An Introvert is a person who gets energised working/being alone and has low tolerance for sensory over-stimulation. So a group setting is un-settling for some of them due to sensory overload.
Hence they feel that they don't speak up in a group because they are overwhelmed with what is happening. However they do well speaking up in a one-to-one setting.
If you are an introvert, how can you handle your communication better in a group setting?
As Timothy Gallwey said in his seminal work "Inner game" there are two games to play - the inner game and the outer game.
1. How do you look at yourself?
Introversion is a preference not a problem.
If you think something is wrong with you by comparing yourself with extroverts, it reflects as lack of confidence and it shows up as reluctance/resistance in a group setting. Once you have "acceptance" of your preference to be a certain way, it's easier to work on getting accepted by others. Introversion is a preference not a problem.
2. How do you look at what you know/don't know?
Knowledge is power. Not knowing/ beginner's mindset is no less.
Introverts happen to be deep reflective thinkers. So they take time to think through all possibilities before speaking up. Not knowing the subject makes them believe that they are at a disadvantage. Quite to the contrary, a beginner's mindset can help look at a context with a fresh pair of eyes and is pretty useful in questioning assumptions. The need to be always right gets into the way of "beginner's mindset." Hence dropping that will help you add value to the group.

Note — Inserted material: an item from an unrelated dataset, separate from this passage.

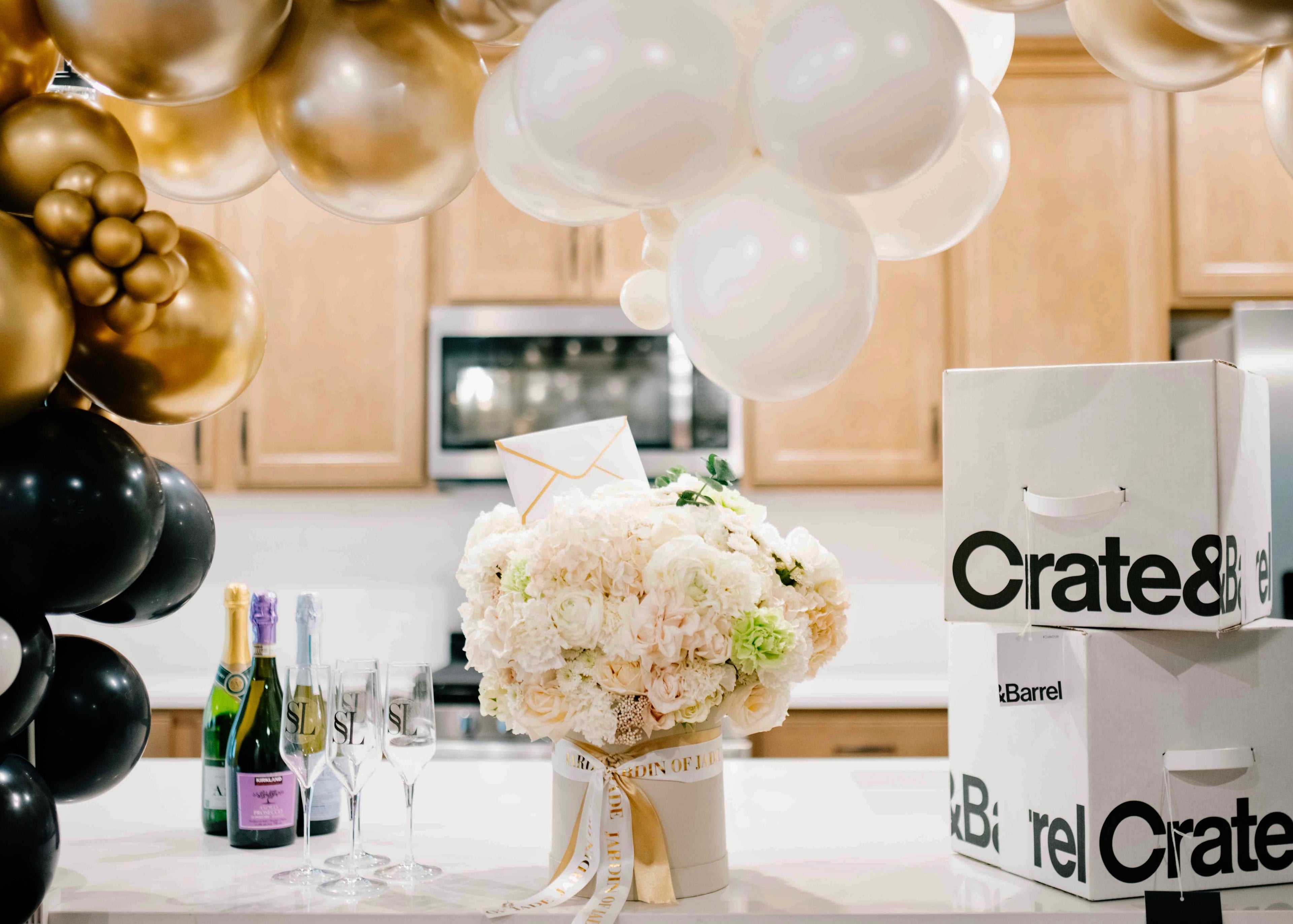 Monaco - Signature Flower Arrangement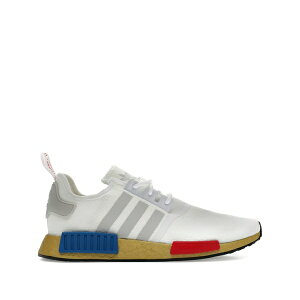 �A�f�B�_�X �����Y �X�j�[�J�[ �V���[�Y Nmd_r1 og cloud white/lush red/lush blue sneakers White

3. How do you view other's judgements?
Being in the good books of others ensures that you are only in books.
Being sensitive to others judgements of who you are and what you say does not empower you to progress. Some days you would say things that are in agreement with the group. Some days you don't. Both days are good!
1. How do you prepare?
Being reflective thinkers, time is of essence. So going to meetings unprepared increases the stress quotient of an already stimulated environment. As an introvert if you think a meeting is important, prepare for the meeting and have some high level goals on what you like to communicate and take the rest run-time.
2. How do you convey what you have not fully thought through?
One of the challenges that introverts have is to express/ communicate as they are thinking. There are several phrases that one could use to tell others that you are speaking as you are thinking/ more depth is in the works - "Answering from the top of my mind", "Prima facie", "on first thoughts", "thinking aloud" etc. This will give others the right perspective of where you are coming from.
3. How to be at ease?
Ease starts when the inner game is won - a complete acceptance of who you are. Being open and willing to articulate who you are, your values and what you stand for takes you to the end. Protecting your energy by having times that you work alone to compensate the time being in the group helps you to sustain yourself till you get there.
Else you will leave who you are to other's guesses. Its not a great place to be!
Introverts can grow to be excellent leaders if they stop comparing themselves to extroverts and try to do what they are best doing.
The path way to leadership is always unique and tailored to "who" you are. Own that!